Some
of you may already know this, but as well as the gorgeous Sail Lofts apartments
and the calming Sail Lofts Ocean Spa in St Ives, we also own and operate two
beautiful country inns in the heart of the Suffolk countryside, The Angel Inn,
Stoke by Nayland and The Anchor Inn, Nayland.
The
Angel Inn, with its 6 boutique bedrooms and delicious modern British cuisine,
is a beautiful 16th century building that is packed full of original
features and character and is the ideal hideaway on a blustery winters day.
Down
the road at The Anchor you’ll find a chic village inn that enjoys a beautiful
riverside setting.

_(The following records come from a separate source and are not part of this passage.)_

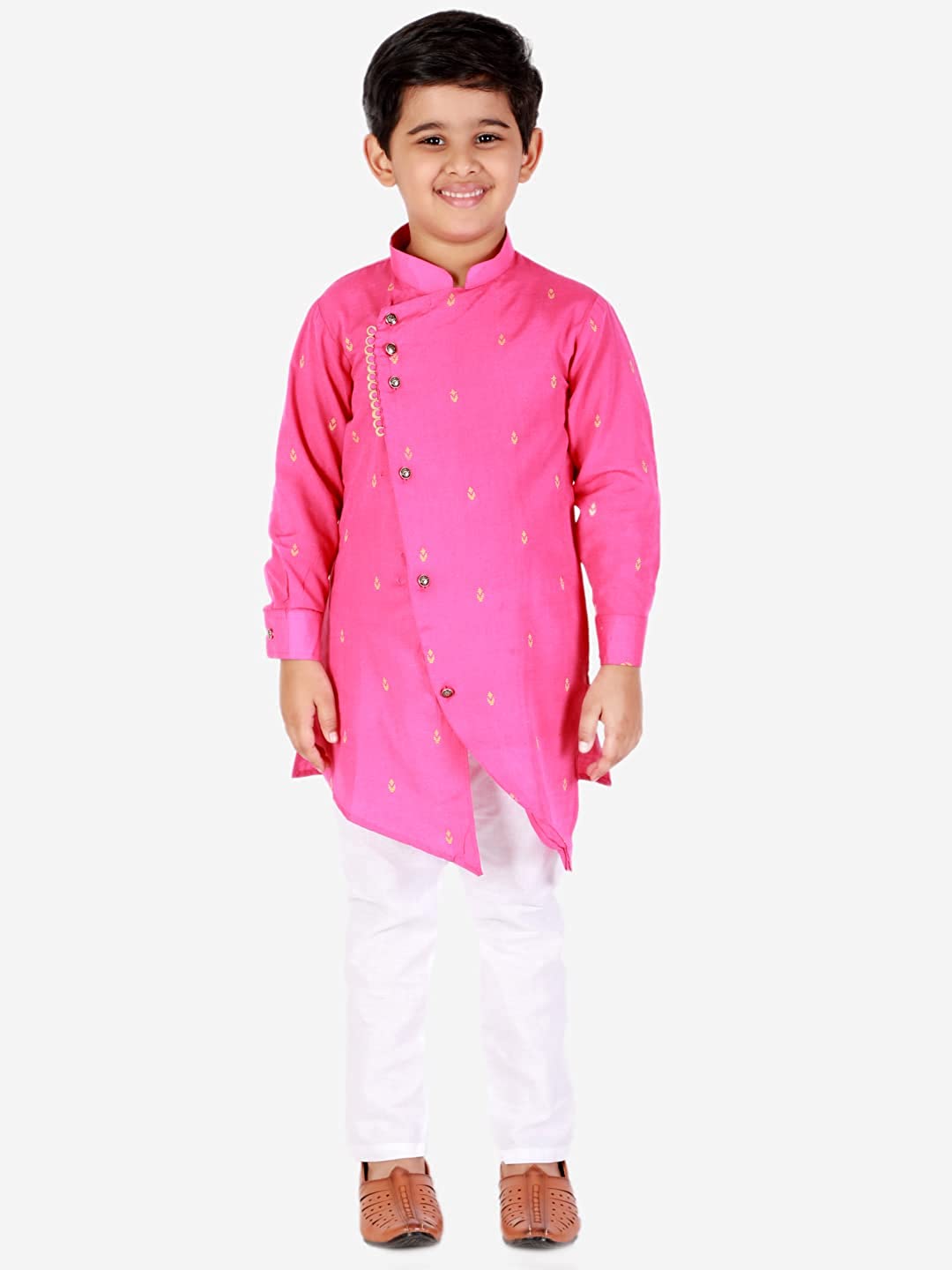 ProEthic Style Developer Kid's Indian Ethnic Cotton Kurta Sets for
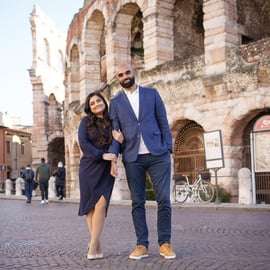 Romantic Photoshooting in Verona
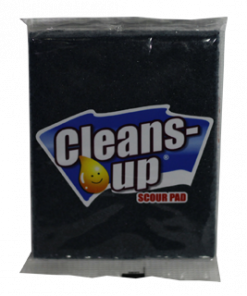 CLEANS UP SCOUR PAD 80X100MM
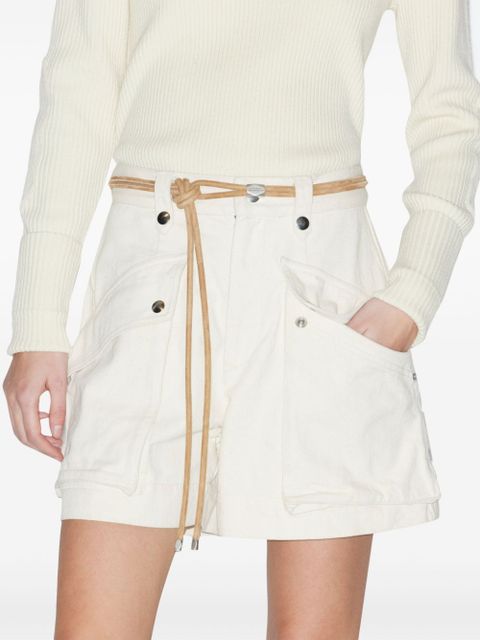 MARANT ÉTOILE Jemmy shorts - Neutrals - zdjęcie produktu nr 2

Here expect a selection of pub classics and more
contemporary dishes as well as a good selection of cask ales from regional and microbrewers.
With
Valentine’s Day just around the corner we thought we’d ask Adam Pickard, Head
Chef at The Angel Inn, for his favourite Valentine’s dessert recipe and this is
the delicious treat he's come up…
Hot Chocolate Fondant and
Pistachio Ice Cream
Hot Chocolate Fondant (Makes 6)
200g
sugar
4
eggs
4
extra egg yolks
200g
butter
200g
72% dark chocolate
200g
plain flour (sieved)
Line
6 dariole moulds, suitable for baking, with a layer of cling film and leave to
one side
Over
boiling water, melt the chocolate and butter together until completely blended
In
a mixer, beat the eggs, egg yolks and sugar until pale in colour, turn down the
speed to low and slowly add the melted chocolate mix
Once
fully combined, slowly add the flour and leave to incorporate for about 2
minutes on a low speed
Once
the mix is ready pour into a piping bag and split between the 6 moulds
If
baking straight away, cook at 180’c for 9 minutes
If
baking at a later stage, leave to set in the fridge and cook at 180’c for 11
minutes
Serve
immediately with the pistachio ice cream, crushed pistachios and dustings of
icing sugar
Pistachio Ice Cream
500ml
milk
500ml
double cream
200g
sugar
12
egg yolks
2
vanilla pods
1
tablespoon of Pistachio Compound -
(50g of Pistachios, 20g Water, 20g Sugar – Bring to boil, when caramel starts
to colour blitz until smooth)
Combine
the milk, cream and vanilla pods in a saucepan, bring to the boil and then
remove from heat
Whisk
the egg yolks and sugar until pale in colour
Pour
the cream mixture over the egg mix whisking continually to blend together as
quickly as possible
Return
the mix to the stove over a low heat and thicken until it coats the back of a
spoon.
Pass
through a fine sieve, add the pistachio compound and pour into an ice cream
machine to churn until set
Doesn’t
it just sound deliciously sinful? Enjoy!